# Geese Wasted



## Fowlmouth (Oct 4, 2008)

The offender was probably a band hunter.
http://wildlife.utah.gov/officers-o...geese-killed-and-wasted-in-carbon-county.html


----------



## JerryH (Jun 17, 2014)

Fowlmouth said:


> The offender was probably a band hunter.
> http://wildlife.utah.gov/officers-o...geese-killed-and-wasted-in-carbon-county.html


 How do you figure that the offender was a band hunter? Please enlighten us with your theory. Do you know how many band returns the DWR get from Helper and Price?


----------



## Critter (Mar 20, 2010)

I have often wondered just how many ducks and geese do get wasted during the season. I look at hunters with full limits of ducks and geese every day throughout the season day after day and just wonder what they are doing with all the meat.

I think that if it was a band hunter then the DOW would of said that the legs were cut off and not just that the necks were broke.


----------



## JuniorPre 360 (Feb 22, 2012)

JerryH said:


> How do you figure that the offender was a band hunter? Please enlighten us with your theory. Do you know how many band returns the DWR get from Helper and Price?


I agree. They probably were band hunters. Happens all the time. My first thought was if they were missing their feet. But I guess you could still get it off without breaking the foot off. None of the meat was taken? I bet they were looking for bands!


----------



## Dunkem (May 8, 2012)

To bad-O,- I would have been happy to have had a shot at that many geese, and the bands would have been a plus. Consume what you take is how I was raised, never hunted for jewelry.


----------



## Fowlmouth (Oct 4, 2008)

JerryH said:


> How do you figure that the offender was a band hunter? Please enlighten us with your theory. Do you know how many band returns the DWR get from Helper and Price?


What I am saying is there is a good possibility those geese were shot because they had leg bands. The hunter only wanted a shiny band to hang around his neck, he didn't want the goose to eat. It has nothing to do with how many band returns the DWR gets from Helper and Price. 
The bands are aluminum and easy to remove by bending them. The legs don't have to be cut off to get a band. It would be interesting to know if those geese have a "suntan" line from where a band once was.


----------



## Critter (Mar 20, 2010)

If they were shot just for the bands I doubt that the shooter would mess around with trying to get the bands off by bending and trying to work them off around the feet. They would just cut the feet off and have the band.


----------



## Fowlmouth (Oct 4, 2008)

Can you guys see their feet in the photo? I can't. Maybe they have been cut off.


----------



## JuniorPre 360 (Feb 22, 2012)

Critter said:


> If they were shot just for the bands I doubt that the shooter would mess around with trying to get the bands off by bending and trying to work them off around the feet. They would just cut the feet off and have the band.
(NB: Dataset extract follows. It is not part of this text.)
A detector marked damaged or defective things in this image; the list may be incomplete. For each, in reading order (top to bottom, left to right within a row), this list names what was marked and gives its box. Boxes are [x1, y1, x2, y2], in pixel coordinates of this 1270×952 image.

Off topic, but I heard a story once. I guess some kids setup their decoys just down from a guy that had been there all morning. As he was packing up, they killed a duck and it sailed over to him. He picked it up, cut the leg off, and drove by in his boat and threw it to them. I'm going to have to do that one of these days.


----------



## Iron Bear (Nov 19, 2008)

On the youth hunt last year a boy cleaned his ducks and goose for the first time. Then lamented this is all the meat you get from a bird. 
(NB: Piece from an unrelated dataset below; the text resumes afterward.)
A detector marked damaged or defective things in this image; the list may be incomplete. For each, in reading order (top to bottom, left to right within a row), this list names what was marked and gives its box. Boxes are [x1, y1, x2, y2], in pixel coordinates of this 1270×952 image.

Part of me agrees, a lot of wasted meat there.


----------



## LostLouisianian (Oct 11, 2010)

Critter said:


> I have often wondered just how many ducks and geese do get wasted during the season. I look at hunters with full limits of ducks and geese every day throughout the season day after day and just wonder what they are doing with all the meat.
> 
> I think that if it was a band hunter then the DOW would of said that the legs were cut off and not just that the necks were broke.
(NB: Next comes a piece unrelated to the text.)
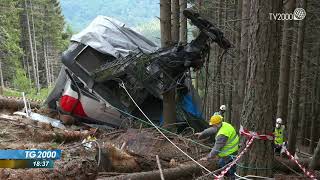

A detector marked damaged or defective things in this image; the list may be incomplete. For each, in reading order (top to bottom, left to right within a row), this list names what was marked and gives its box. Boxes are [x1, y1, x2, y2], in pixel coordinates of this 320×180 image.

When I was growing up our family never wasted a single duck and we killed over 200 per year.


----------



## dkhntrdstn (Sep 7, 2007)

killed banded geese or not it a fn joke. but im sure they was banded and they will put bands on the geese they kill next year to look cool and like some might big hunters. Witch they are not hunters in my eyes


----------



## gdog (Sep 13, 2007)

.....they must have run out of bacon :shock:


----------



## toasty (May 15, 2008)

What do bands have to do with it?

These geese were probably shot on the extended hunt, not cleaned after the hunt and thrown in the back yard or left in the truck and started stinking with the warm weather. Somebody took them to a remote place to dispose of them rather than throwing them in the local church dumpster. 

It is stupid and negligent, but it is probably an accidental waste of wildlife. It is not much worse than the guy that throws away a freezer full of game meat after it has been in there for 2 years. If it is a case of someone shooting geese with no plans to ever clean and eat the geese, they have no business goose hunting IMO.


----------



## Fowlmouth (Oct 4, 2008)

toasty said:


> What do bands have to do with it?.


Because guys shoot geese only to get the bands. Really it happens.


----------



## Critter (Mar 20, 2010)

LostLouisianian said:


> When I was growing up our family never wasted a single duck and we killed over 200 per year.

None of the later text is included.